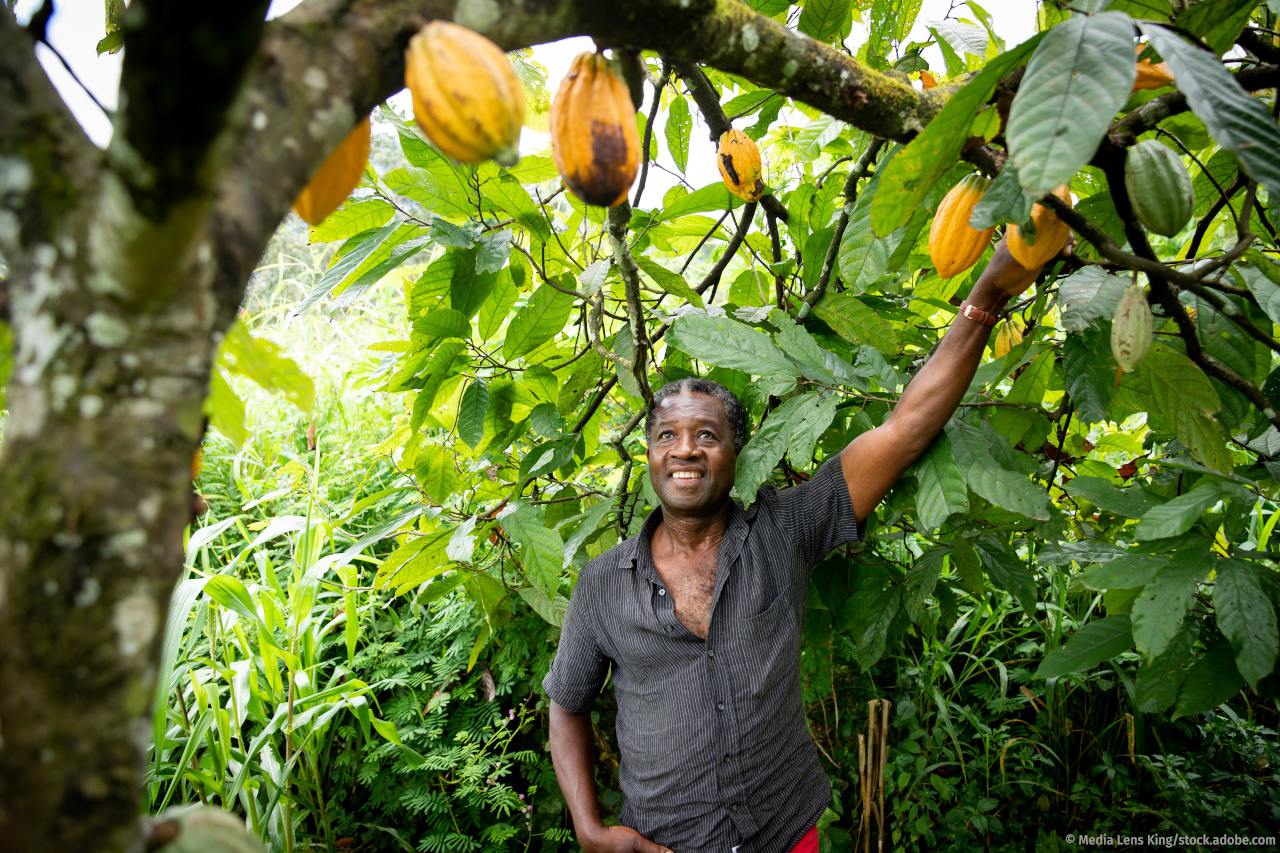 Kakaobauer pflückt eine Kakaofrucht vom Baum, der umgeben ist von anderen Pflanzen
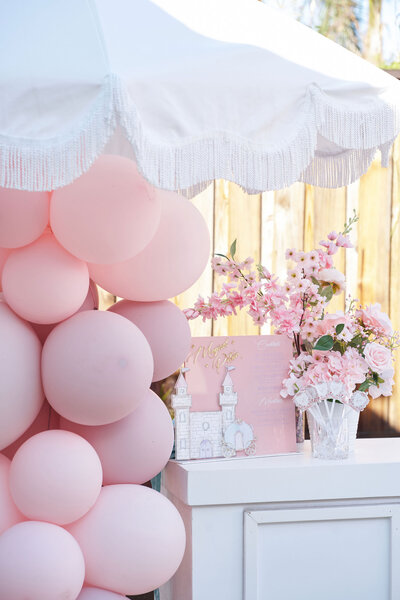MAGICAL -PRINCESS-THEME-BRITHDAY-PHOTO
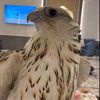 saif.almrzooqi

* * *

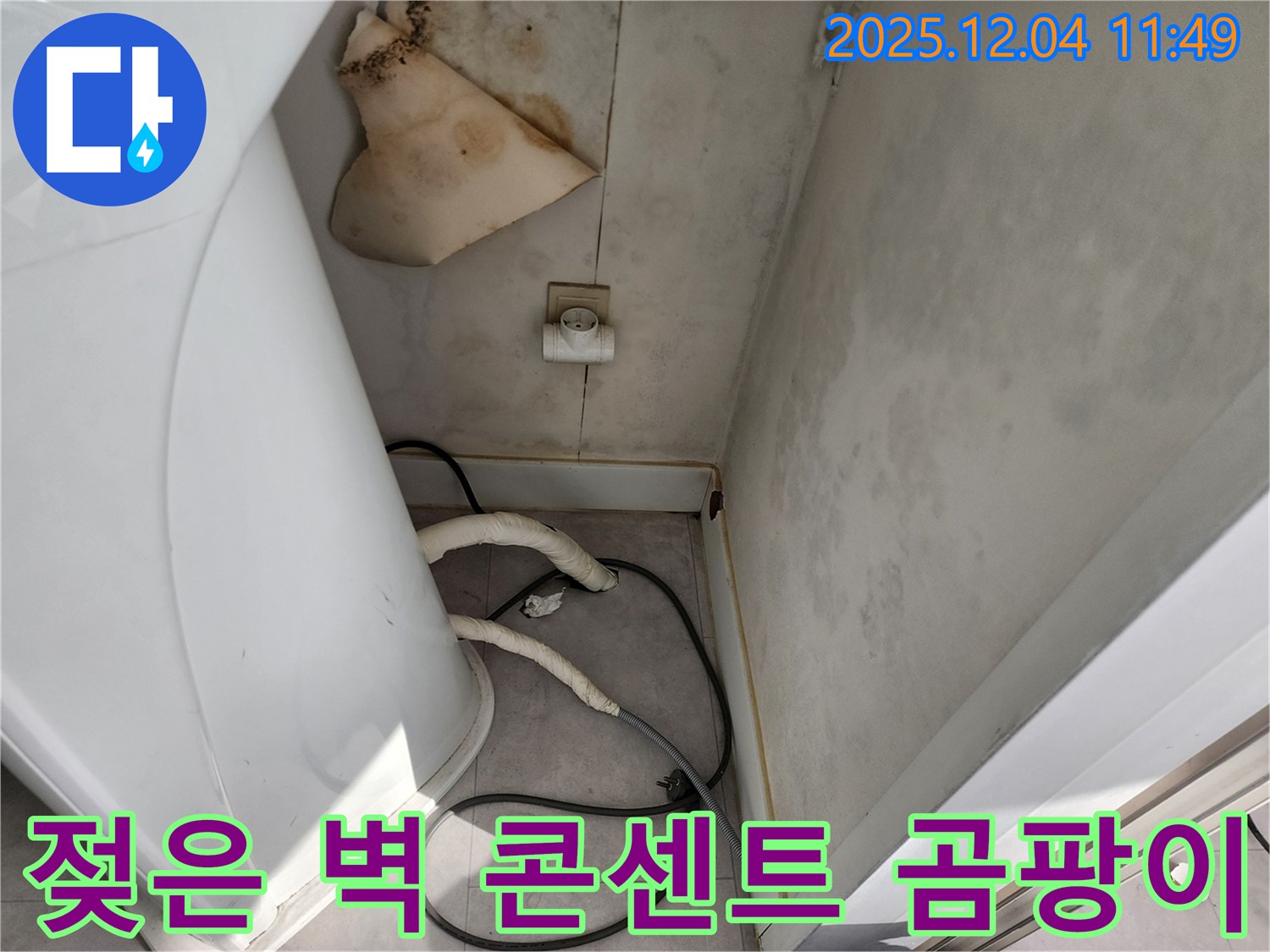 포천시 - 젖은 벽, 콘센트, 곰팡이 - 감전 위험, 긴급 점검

* * *

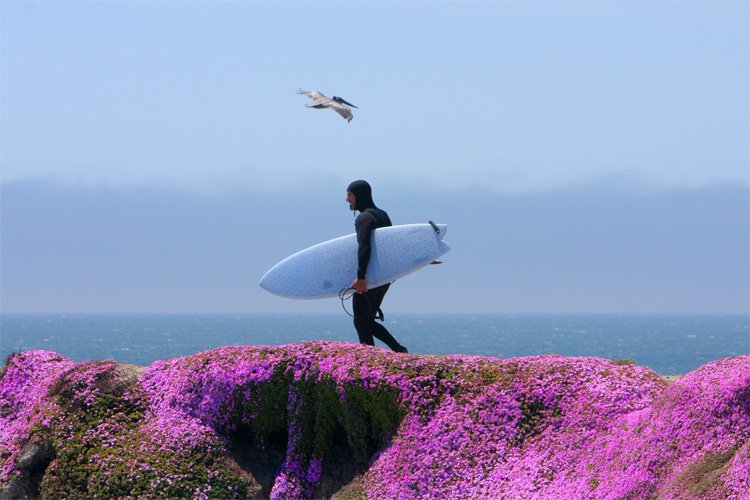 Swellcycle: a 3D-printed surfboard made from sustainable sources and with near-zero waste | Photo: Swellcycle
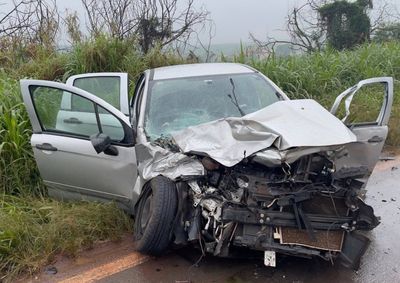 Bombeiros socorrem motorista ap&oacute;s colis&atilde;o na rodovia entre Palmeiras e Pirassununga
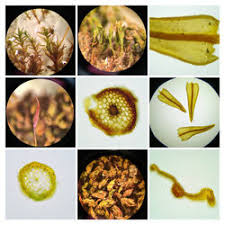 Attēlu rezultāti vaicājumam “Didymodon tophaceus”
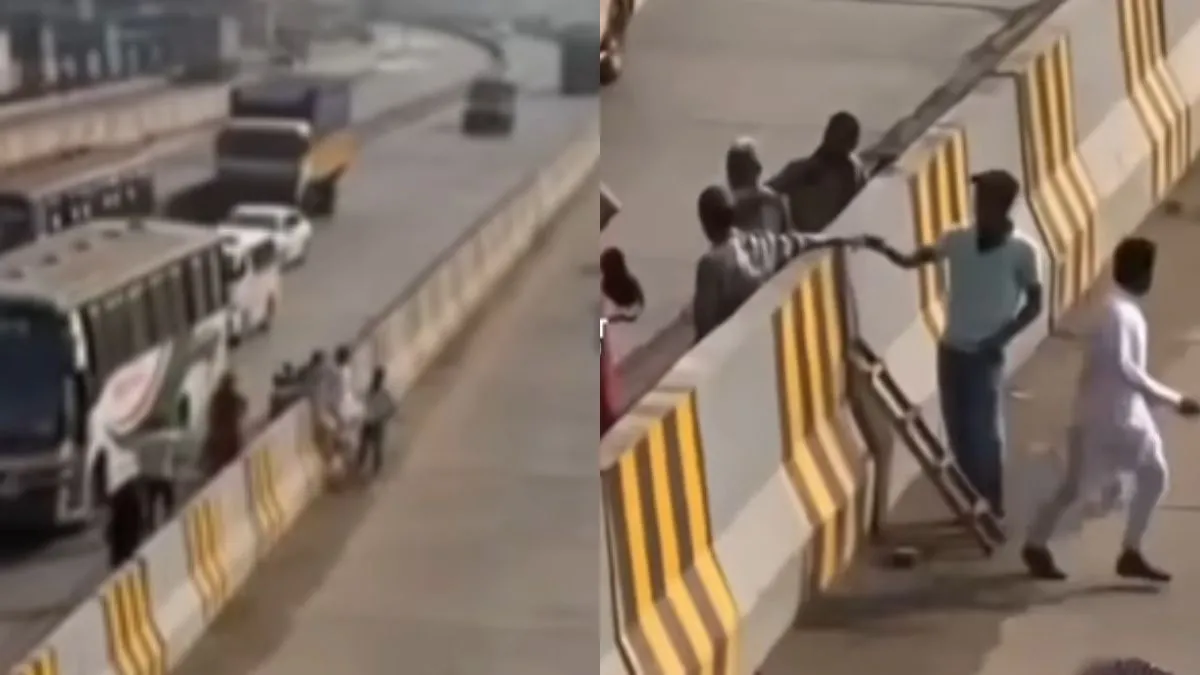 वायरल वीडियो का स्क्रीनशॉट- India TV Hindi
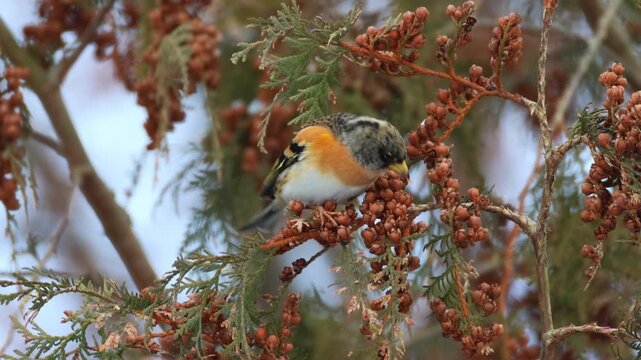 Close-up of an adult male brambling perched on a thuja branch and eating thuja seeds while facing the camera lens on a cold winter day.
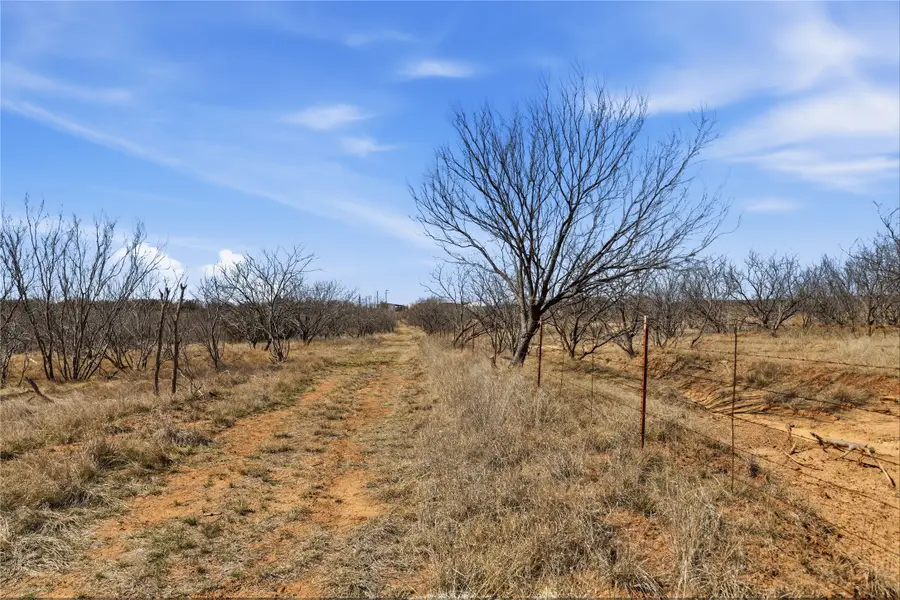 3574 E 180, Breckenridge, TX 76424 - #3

▶ EXERCISE
Starting with the line that has "Attēlu rezultāti vaicājumam" and going on through the line that has "3574 E 180, Breckenridge, TX 76424 - #3", transcribe the records above exactly, but skip the pictures.

▶ TASK SOLUTION
 Attēlu rezultāti vaicājumam “Didymodon tophaceus”
 वायरल वीडियो का स्क्रीनशॉट- India TV Hindi
 Close-up of an adult male brambling perched on a thuja branch and eating thuja seeds while facing the camera lens on a cold winter day.
 3574 E 180, Breckenridge, TX 76424 - #3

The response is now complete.